- TIPS on average declined 1.1% on the 2018 first quarter, less than the 1.6% decline in comparable maturity straight Treasurys.
- The average breakeven spread widened to 222 basis points from 184 basis points at the end of the 2017 fourth quarter.
- Most of the widening was due to a sharp drop in short-maturity TIPS yields, as investors sought a safe haven in a rising interest rate environment.
- With interest rates backing off a bit, longer-term TIP offer better relative value, but they will still be vulnerable to declines, if interest rates continue to rise.
In a quarter characterized by rising interest rates, TIPS outperformed comparable maturity straight Treasurys, but still produced a negative return. On average, TIPS fell 1.1%, less than the 1.6% decline in comparable maturity straight Treasurys. During the quarter, the average yield on TIPS rose by two basis points (bp) to 0.36%, while the average yield on straight Treasurys increased by 40 bp to 2.58%. As a result, the average spread between straight Treasury and TIPS yields increased by 38 bp from 184 bp to 222 bp.
Given the sharp increase in the yield spread, I was somewhat surprised to see the relatively small performance differential between TIPS and straight Treasurys. Intuitively, TIPS should have performed much better. That anomaly caused me to double check my yield and return performance calculations.
For the record, my calculations exclude the newly issued TIPS, primarily because their returns over a partial quarter were affected significantly by where they were priced at issuance. Including them, I believe, would have distorted the average performance for the TIPS universe.
The Treasury-TIPS yield (or breakeven) spread widened primarily because the average yield on short maturity TIPS, declined by 31 bp to -0.24%. Average yields in all other maturity categories for both TIPS and straight Treasurys increased during the quarter (by about 15-25 bp for TIPS and 25-35 bp for straight Treasurys).
The decline in short-maturity TIPS yields widened their spread vs. Treasurys by a whopping 86 bp to 249 bp. That is 116 basis points above the average spread and close to the maximum spread of 267 bp over the past decade.
With interest rates generally on the rise and increasing concerns about a pick-up in inflation, investors apparently flocked to short-maturity TIPS as a safe haven. Since peaking in late February, however, intermediate and long-term interest rates have moderated. Short-maturity TIPS yields also increased (i.e. became less negative) by about 5-10 basis points from late February to the end of March, which is roughly in line with the decline in Treasury yields.

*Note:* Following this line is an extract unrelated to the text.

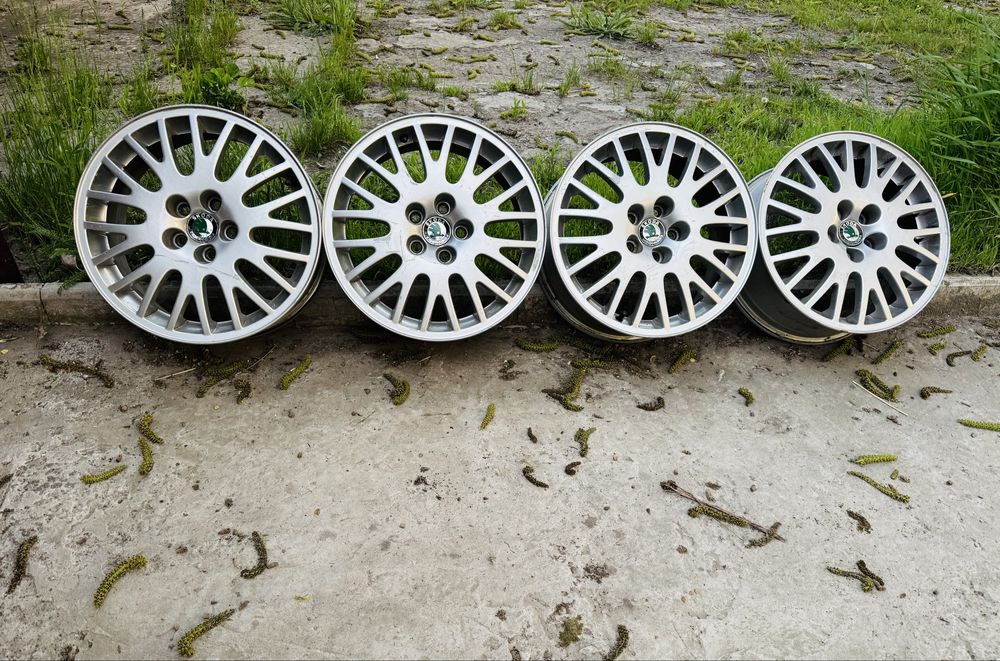 R16 диски 5*100 оригинал шкода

Furthermore, even though the Consumer Price Index has risen at a progressively faster pace in each month this year, the monthly year-over-year increase has been lower than in 2017. (Short-maturity TIPS yields were more negative at the end of the 2017 first quarter, but the breakeven spread was about 100 bp lower at 144 bp).

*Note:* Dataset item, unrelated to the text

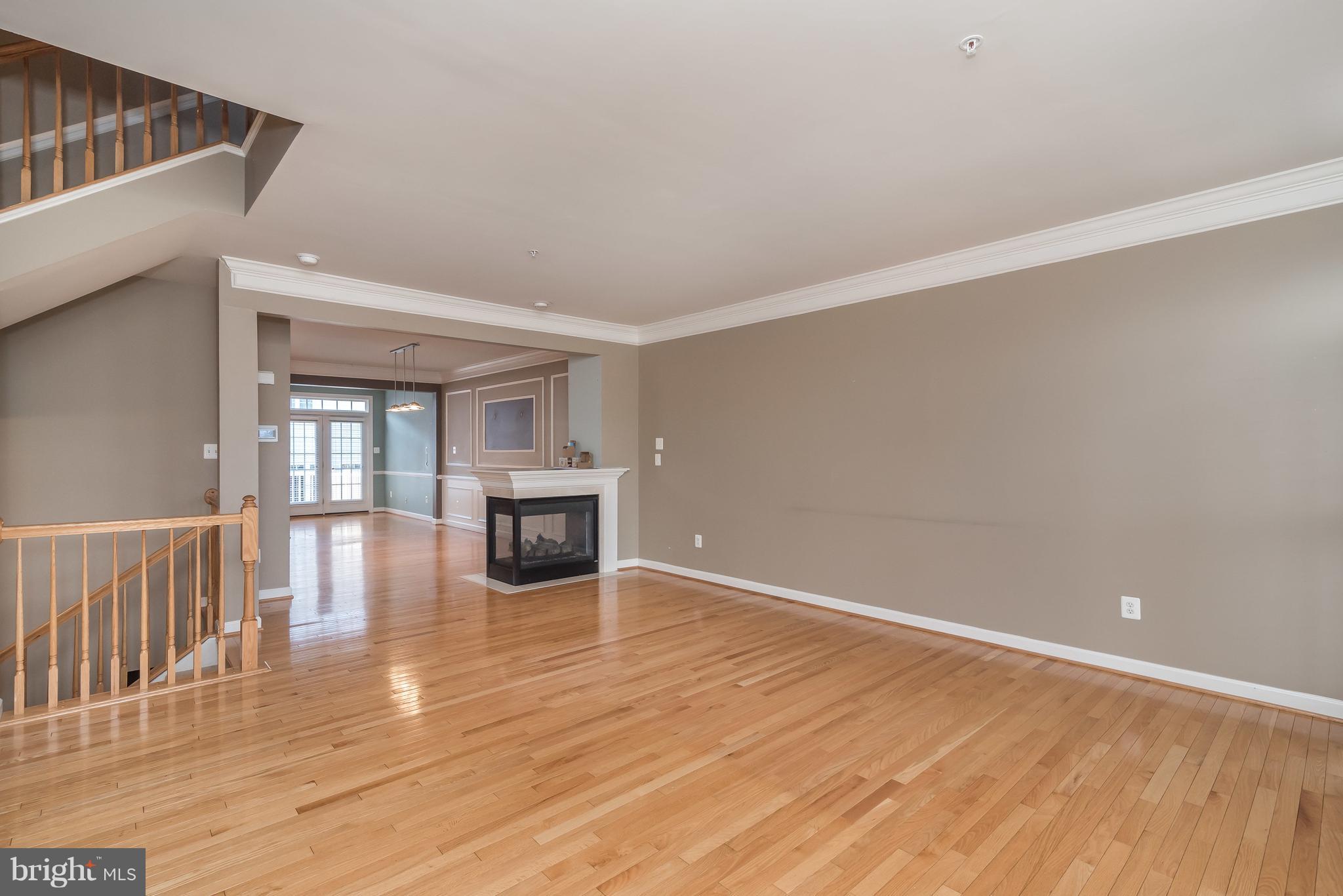 MAPLE RIDGE - Residential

Of course, inflation could pick up more from in the weeks and months ahead, but I believe that the data do not currently make a strong case for that. Consequently, I think that the chances are good that the breakeven spread between short-maturity TIPS and Treasurys will moderate over the next quarter or two, which should bring it back in line with the spreads on intermediate- and long-term TIPS vs. Treasurys.
At the current time (as of March 29), the best relative value in the TIPS sector is in the longer maturities, where breakeven spreads are close to their 10-year historical average. By comparison, short-maturity TIPS spreads are well above their historical average (as already noted) and intermediate-term TIPS spreads at 207 bp are about 25 bp above their historical average.
Said another way, current buyers of short-term TIPS should be confident that short-term inflation expectations will rise in the months ahead.
Of course, if interest rates do continue to rise, TIPS probably will still deliver negative returns, but assuming no decline in inflation expectations, the losses on TIPS will probably not be as large as those on straight Treasurys.